For each line of the listing below that contains the string "Outerwear", copy the line.

Supplied material:
= = = =

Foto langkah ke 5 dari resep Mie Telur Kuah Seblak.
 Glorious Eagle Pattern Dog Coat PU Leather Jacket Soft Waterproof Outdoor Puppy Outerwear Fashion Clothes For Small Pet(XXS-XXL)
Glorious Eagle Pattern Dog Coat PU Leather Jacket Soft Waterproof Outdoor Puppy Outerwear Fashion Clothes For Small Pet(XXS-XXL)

= = = =

Result:
 Glorious Eagle Pattern Dog Coat PU Leather Jacket Soft Waterproof Outdoor Puppy Outerwear Fashion Clothes For Small Pet(XXS-XXL)
Glorious Eagle Pattern Dog Coat PU Leather Jacket Soft Waterproof Outdoor Puppy Outerwear Fashion Clothes For Small Pet(XXS-XXL)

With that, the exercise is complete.